Since the completion of the human genome, cataloging transcription factor binding sites (TFBSs) has been critical for understanding gene regulation. The use of comparative genomics (evolutionary conservation across species) is often championed as a method to separate the functional regulatory sequence “wheat” from the nonfunctional “chaff” [1
]. As the number of mammalian full genome drafts increases, the integration of TFBS predictions with lists of conserved noncoding regions (CNCs) has emerged as a key step in the TFBS identification process [2
]. If TFBS predictions are contiguous to DNA features that coincidentally have a critical structural role such as maintenance of chromatin organization, the appearance of conservation may be intensified even further.
Although these methods have greatly enhanced our knowledge of the human genome's regulatory repertoire, overreliance on conservation information can potentially exclude genuine binding sites. Since TFBSs are typically small, they can arise by chance in a gene's promoter and therefore may decrease selective pressures to maintain already existing sites [5
]. Another wrinkle is that the evolutionary forces that created the conservation blocks may no longer be functionally relevant to humans [6
]. Additionally, recent scans for natural selection in human gene coding regions have revealed that distinct biological pathways often are subject to widely different evolutionary pressures [7
], particularly since mutation rates have been shown to vary across the genome [9
]. Genes involved in oncogenesis and tumor suppression have experienced recent selection for mutation in primate lineages [7
]. DNA binding sites of transcription factors are also functional components of these pathways and are likely under similar evolutionary pressures. Indeed, we have focused recently on identifying human single nucleotide polymorphisms that alter the function of transcription factors [11
]. As a result, we have investigated the assumptions for using mammalian conservation as an obligatory screening step for seeking TFBSs.
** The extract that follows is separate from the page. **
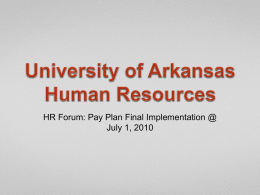 HR Forum Pay Plan Presentation 2010 - Human Resources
The p53 tumor suppressor gene, encoded by the TP53
master regulatory gene, is a transcription factor that coordinates a network of cellular responses to environmental insults. Over half of human cancers have a mutation in the p53 protein or one of its partners [13
]. The p53 protein is estimated to have several hundred transregulation target genes that affect pathways including apoptosis, DNA damage repair, and cell-growth arrest [14
]. As a result, p53 target genes are highly sought-after drug targets for halting cancer progression. According to in vitro experiments, the p53 protein binds specifically to a palindromic consensus sequence, RRRCWWGYYY(N0−13
], with nearly all REs containing at least one mismatch; in vivo results have suggested that the spacer region may be much smaller [14
]. The sequence is typically located within 5,000 bases of the target gene's transcriptional start site, and p53 either induces or represses expression upon p53 binding [16
]. One feature of p53 that confounds the discovery of novel transregulated genes is that while some binding sites match the expected consensus sequence quite well, others can be consensus poor and yet are both necessary, and sufficient, to transactivate a gene [18
]. A recent study has suggested that the “rules of engagement” for p53 REs may differ based on the activated pathway, particularly in the apoptosis and cell-cycle–related systems [19
]. Thus, we have used cross-species conservation to examine if these groups of elements exhibit distinct conservation profiles.
To evaluate the utility of comparative genomics approaches in the identification of potential p53 target REs, we gleaned the literature for a high quality set of bona fide p53 REs to estimate the degree of conservation between humans and other mammals. To relate the TP53
system to other master regulators, we compare its binding site conservation to those of the transcription factors encoded by two other genes: NFκB
(nuclear factor of kappa light chain gene enhancer in B-cells),
central to inflammation responses, and NFE2L2,
which encodes NRF2 (nuclear factor [erythroid-derived 2]-like 2 nuclear factor), a regulator of oxidative stress. Their repertoire of interactions is expected to be highly preserved throughout the mammalian lineage. The NFκB transcription factor is a heavily studied biological switch of the inflammation, apoptosis, and immune responses [20
]. It binds the consensus sequence GGGRNNYYCC [22
], and its signaling system is highly conserved even when examined in invertebrates [21
]. NRF2 binds antioxidant REs (consensus sequence = TMANNRTGAYNNNGCRWWWW [25
]) that are comparable in size to those of p53, show high levels of conservation [26
], and are found in the promoters of genes that confer protection from oxidative stress and chemical carcinogens [27
]. Mouse models of Nrf2-dependent response to oxidative and electrophilic insults have been used to study function [28
]. Additionally, the Nrf2 pathway in zebrafish operates similarly to humans and underscores the likelihood of high conservation in regulatory binding sites [30
]. Because the NFκB and NRF2 binding sites were determined to be highly conserved, these two sets of TFBSs serve as positive controls in estimates of conservation. Our comparative genome analysis, which includes a coincident evaluation of sampled promoter sequences and coding region sequence, reveals that mammalian conservation does not apply to p53 target REs in general. However, among subgroups of target genes we observe purifying selection acting on a number of p53 binding sites, including many cell-cycle–related genes, while rodent to human homology is lacking for p53 REs in apoptosis-related genes.